Starting a bullet journal in 2020? Here’s what you need to know!
I will preface this by saying that I am NOT a huge planner person, but that a place to write down all of my to-do lists, and other odds and ends has been absolutely essential for me to stay on top of everything. Bullet journaling became a great compromise.
It’s not a system for everyone, but it has served me well. (Not sure if it’s right for you? Read this.) Here are some things that I’ve picked up along the way.
First – you don’t have to rush out to get a special bullet journal. Sketch books and even dollar store spirals work just as well.
On the left I have two spirals, in the middle I have a small journal (I regretted that, because I ended up not getting through the whole year with it), and on the right I have two leather bound journals with blank sheets. Pick out something that’s right for you, and then jump right in.

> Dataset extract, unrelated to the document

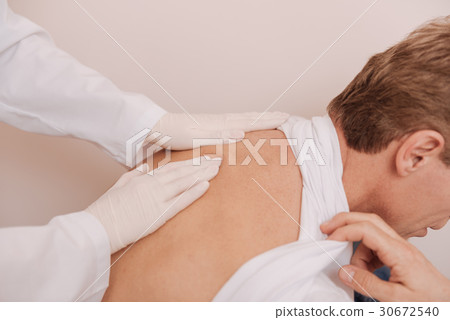 Good delicate rheumatologist massaging patients Good delicate rheumatologist massaging patients 30672540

It’s not all about fancy headers, and beautiful script. While I do make my headers different from my lists most of that is for organization, so that I can easily pick out the most important information. Because bullet journaling is something I have to do every day (the to-do lists pretty much never stop) it’s important that I don’t get burned out.
If you’re more artistic than I am then you can probably skip the Spartan Bullet Journal and do something much fancier – or, if you want to spend an extra few minutes making that day’s page fancy (you do have to look at it all day) then go for it!
However, I do enjoy having something nice for some of my month headers, as well as big picture to do lists (say for a week or a year). Here are some quick ideas that will look relatively artistic without being too time consuming.
Bullet Journaling Ideas
- Small cursive letters inside Caps
- Fancy underlines (arrows, dots, and swirls)
- Cursive (have to keep it alive)
- Block and Bubble Letters
- Adding in confetti around the word
- A sun around the word or phrase
What Works Best For You?
When planning your bullet journal don’t be afraid to try different formats to see what works for you best. That’s the part of the beauty of starting with a clean slate: you aren’t stuck with a planner that isn’t just right.
I tend to use a lot of symbols on my month pages, because I have a lot of weekly events that I don’t want to have to write out every single time. I’ll mark my month pages with sticky notes, or simply dog ear them.
At either the beginning or end of my bullet journals I’ll set up a full year long calendar. Usually it won’t hold too much information, but will be a nice birds eye view of the year.
For my tiny journals I put the calendar onto a piece of printer paper, folded it and then taped it in. Keep in mind that different months will need different numbers of rows, so make sure to consult an online calendar when constructing your own. I would also recommend printing one off the internet (drawing them out by hand had a lot to do with stubbornness and personal aesthetic).
Finally, the greatest (and the worst) thing about bullet journals is that there is no structure, you can put whatever you want in it and use up as many or few pages as you need per day. They’re not just planners, but also records of thoughts, ideas, sketches, or things that you did that day.
So happy bullet journaling, and good luck!